How severe does this issue affect your experience of using Ray?

  • High: It blocks me to complete my task.

I am trying to ray workers, each one for a specific GPU. Say there are 4 GPUs, and I would like each ay worker to specifically submit work to one of these.

So from the client script, if there’s some remote work, how to schedule the work on to a specific worker?

Thank you

@esaliya You can use placement groups with appropriate resources so that tasks are assigned placegroups, and workers on nodes that satisfy the placement group resources will be assigned that task.

You can read about the different scheduling techniques and the placement group concepts here.

Thanks Jules. I looked at placement groups. I was not clear how I could keep a dedicated worker for a specific GPU. In this example all 4 GPUs are identical, so resources wise they’ll be the same. However, I want remote task i to be sent to worker i.

Is this something possible?

@esaliya Unless you a cluster with only one worker that has all the GPUs and others none, and specify your placement group, then each task assigned the placement group will only be scheduled to the node with 4 GPUs. You probably, then, won’t parallelize it since the scheduler can only schedule a single task that meets that requirement; others will be queue.

cc: @jjyao Is this possible what he’s asking?

I think the best way is to create actors and you remember some index → actor mapping to send actor task (i.e., rank)

@sangcho Do you want to elaborate, may be, with a short or small example? Thanks!

actors = [Actor.options(num_gpus=1, name=f"rank_{i}").remote() for i in range(10)]

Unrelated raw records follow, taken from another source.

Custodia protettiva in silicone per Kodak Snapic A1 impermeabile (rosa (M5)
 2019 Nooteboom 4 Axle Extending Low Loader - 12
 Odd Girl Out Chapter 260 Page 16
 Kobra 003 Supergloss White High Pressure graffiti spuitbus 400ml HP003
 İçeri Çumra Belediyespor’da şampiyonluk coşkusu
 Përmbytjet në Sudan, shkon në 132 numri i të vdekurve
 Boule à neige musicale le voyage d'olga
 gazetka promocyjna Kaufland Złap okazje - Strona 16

# You can get a specific actor using name
actor = ray.get_actor(name="rank_0")

Thanks @sangcho, but I am a little unclear how to follow your example. Here’s a simplified example of my use case. As shown, I want to invoke task 1 specifically in rank 0 and task 2 in rank 1. Could this be done? I use ranks here to identify workers in the Ray clusters

class Scheduler:
    def __init__(self):
        self.workers = {
           "0": Actor.options(name="rank_0").remote(),
           "1": Actor.options(name="rank_1").remote()
       }
    def call(self, rank):
        self.workers[rank].function.remote()

something like this?